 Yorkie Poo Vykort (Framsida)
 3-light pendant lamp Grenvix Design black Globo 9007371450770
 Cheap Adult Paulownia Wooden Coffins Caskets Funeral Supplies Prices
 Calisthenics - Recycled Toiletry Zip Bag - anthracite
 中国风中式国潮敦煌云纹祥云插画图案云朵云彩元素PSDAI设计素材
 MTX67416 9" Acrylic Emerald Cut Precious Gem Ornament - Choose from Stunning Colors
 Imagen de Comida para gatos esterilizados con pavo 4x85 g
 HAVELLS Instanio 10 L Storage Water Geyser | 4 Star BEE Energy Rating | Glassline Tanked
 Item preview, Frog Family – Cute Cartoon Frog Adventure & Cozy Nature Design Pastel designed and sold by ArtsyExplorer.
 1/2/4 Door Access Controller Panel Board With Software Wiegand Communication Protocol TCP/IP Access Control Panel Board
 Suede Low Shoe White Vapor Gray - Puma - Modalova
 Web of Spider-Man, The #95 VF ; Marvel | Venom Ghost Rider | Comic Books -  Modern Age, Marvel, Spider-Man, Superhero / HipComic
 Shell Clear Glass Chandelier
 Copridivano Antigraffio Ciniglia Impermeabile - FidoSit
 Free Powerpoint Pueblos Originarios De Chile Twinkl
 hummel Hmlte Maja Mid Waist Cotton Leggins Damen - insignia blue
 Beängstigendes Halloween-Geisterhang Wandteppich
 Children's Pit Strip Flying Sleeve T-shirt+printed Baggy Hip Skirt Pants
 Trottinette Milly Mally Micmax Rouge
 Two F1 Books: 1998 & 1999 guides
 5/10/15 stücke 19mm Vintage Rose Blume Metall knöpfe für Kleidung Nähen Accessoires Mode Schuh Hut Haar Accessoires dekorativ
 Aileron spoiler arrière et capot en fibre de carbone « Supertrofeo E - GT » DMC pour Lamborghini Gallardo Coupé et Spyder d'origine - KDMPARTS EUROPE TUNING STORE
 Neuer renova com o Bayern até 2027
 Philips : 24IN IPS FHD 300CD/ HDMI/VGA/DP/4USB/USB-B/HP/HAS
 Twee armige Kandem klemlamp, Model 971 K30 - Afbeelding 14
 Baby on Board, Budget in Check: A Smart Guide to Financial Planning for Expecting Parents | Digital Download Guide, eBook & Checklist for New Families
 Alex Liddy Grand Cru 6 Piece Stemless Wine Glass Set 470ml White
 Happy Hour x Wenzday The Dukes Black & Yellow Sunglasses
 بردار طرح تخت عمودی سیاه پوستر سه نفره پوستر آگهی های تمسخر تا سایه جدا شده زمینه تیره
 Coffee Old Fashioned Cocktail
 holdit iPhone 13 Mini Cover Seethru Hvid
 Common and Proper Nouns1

* * * *

Beginning with the line that contains "1/2/4 Door Access", quote each line exactly through the last line of the entries above, and nothing beyond them.

# Response area
 1/2/4 Door Access Controller Panel Board With Software Wiegand Communication Protocol TCP/IP Access Control Panel Board
 Suede Low Shoe White Vapor Gray - Puma - Modalova
 Web of Spider-Man, The #95 VF ; Marvel | Venom Ghost Rider | Comic Books -  Modern Age, Marvel, Spider-Man, Superhero / HipComic
 Shell Clear Glass Chandelier
 Copridivano Antigraffio Ciniglia Impermeabile - FidoSit
 Free Powerpoint Pueblos Originarios De Chile Twinkl
 hummel Hmlte Maja Mid Waist Cotton Leggins Damen - insignia blue
 Beängstigendes Halloween-Geisterhang Wandteppich
 Children's Pit Strip Flying Sleeve T-shirt+printed Baggy Hip Skirt Pants
 Trottinette Milly Mally Micmax Rouge
 Two F1 Books: 1998 & 1999 guides
 5/10/15 stücke 19mm Vintage Rose Blume Metall knöpfe für Kleidung Nähen Accessoires Mode Schuh Hut Haar Accessoires dekorativ
 Aileron spoiler arrière et capot en fibre de carbone « Supertrofeo E - GT » DMC pour Lamborghini Gallardo Coupé et Spyder d'origine - KDMPARTS EUROPE TUNING STORE
 Neuer renova com o Bayern até 2027
 Philips : 24IN IPS FHD 300CD/ HDMI/VGA/DP/4USB/USB-B/HP/HAS
 Twee armige Kandem klemlamp, Model 971 K30 - Afbeelding 14
 Baby on Board, Budget in Check: A Smart Guide to Financial Planning for Expecting Parents | Digital Download Guide, eBook & Checklist for New Families
 Alex Liddy Grand Cru 6 Piece Stemless Wine Glass Set 470ml White
 Happy Hour x Wenzday The Dukes Black & Yellow Sunglasses
 بردار طرح تخت عمودی سیاه پوستر سه نفره پوستر آگهی های تمسخر تا سایه جدا شده زمینه تیره
 Coffee Old Fashioned Cocktail
 holdit iPhone 13 Mini Cover Seethru Hvid
 Common and Proper Nouns1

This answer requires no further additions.